Apa pelajaran yang bisa kita petik di sini?

Perhatikanlah, dalam ayat itu, kita hanya akan mendapati firman Allah SWT itu berupa sindiran saja kepada Rasulullah SAW. Allah SWT hanya menyebutkan bahwa seorang buta yang mendatangi Rasulullah SAW itu sebenarnya orang yang takut kepada Allah SWT, sebagaimana firman-Nya yang berbunyi “wa huwa yakhsyaa” (dan dia takut kepada Allah SWT). Penjelasan tentang kondisi hati orang yang datang kepada Rasulullah SAW itu saja sudah sangat mengena bagi Rasulullah SAW. Ini menunjukan bahwa teguran, harus disampaikan dengan bahasa yang tepat.

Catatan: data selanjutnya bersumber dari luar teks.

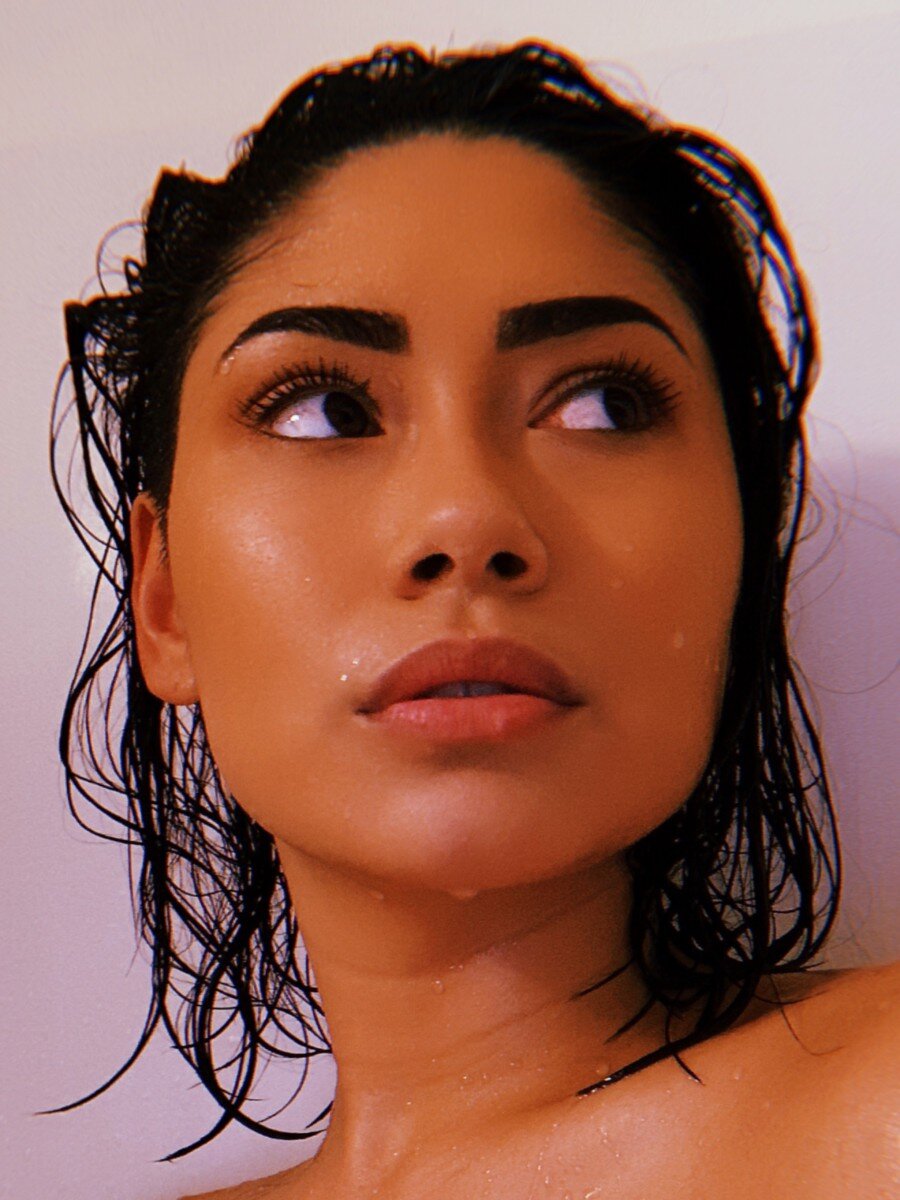Exoticandthai (@exoticandthai), OnlyFans creator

Di samping, penerima teguran, hendaknya mampu mengerti isi teguran meski dengan ungkapan yang tidak langsug. Itu pelajaran utama.

 

Saudaraku,

Selain itu, ayat-ayat dalam penggalan pertama surat ini juga menyebutkan dua tahap seseorang untuk bisa meraih hidayah Allah SWT. Yakni, “as sa’yu” (susah payah) dan “al khasyiyah” (rasa takut kepada Allah SWT) sebagaimana tertuang dalam ayat 8 dan 9, “dan adapun orang yang datang kepadamu dengan bersusah payah. Dan dia takut kepada Allah SWT.” Artinya, siapapun yang mengkehendaki hidayah Allah SWT, dia harus bersusah payah berusaha mencari dan mendapatkannya, dan selain itu ia juga harus memiliki rasa takut kepada Allah SWT dalam hatinya.

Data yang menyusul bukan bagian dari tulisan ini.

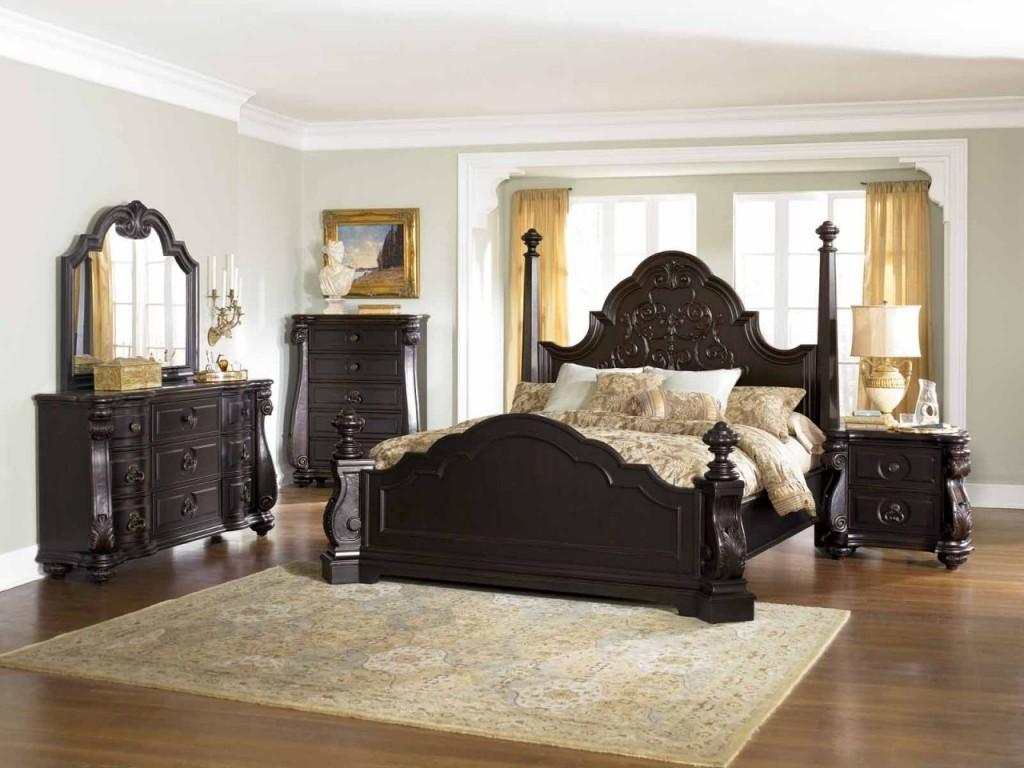 bedroom-furniture-antique-epic-with-regard-to-interior-bedroom-design-style-with-bedroom-furniture-antique-design-inspiration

Selanjutnya, surat Abasa menghamparkan ayat-ayat yang menganjurkan kita untuk tafakkur dan tadzakkur dengan berbagai fenomena alam. Perhatikanlah firman Allah SWT dalam surat ini di ayat 24-28. Kemudian di tutup dengan uraian tentang ketakutan dan kengerian hari kiamat di ayat 33-36. Semuanya mengarahkan kita untuk berfikir dan mengingat berbagai karunia Allah SWT di muka bumi ini, dan bagaimana kondisi akhir dari semuanya.

 

Saudaraku, yang dirahmati Allah,

Kita semua sangat mungkin bersalah. Maka, pelajaran berharga dari surat Abasa yang terbesar dalam hal ini adalah, bagaimana kita bisa menerima teguran dengan lapang dada, atas kesalahan dan kekurangan yang kita lakukan. Dan salah satu bentuk penerimaan itu adalah, kita tidak merasakan bahwa teguran itu sebagai penghinaan atau sebagai sesuatu yang menandakan kerendahan. Seperti ungkapan indah yang keluar dari lisan Umar bin Khattab radhiallahu anhu, “rahimallahu imra-an, adhaa ilayya uyuubii.” Semoga Allah SWT merahmati seseorang yang menunjukan kekurangan-kekurangan saya.

 

Bisakah sikap ini ada pada diri kita, saudaraku?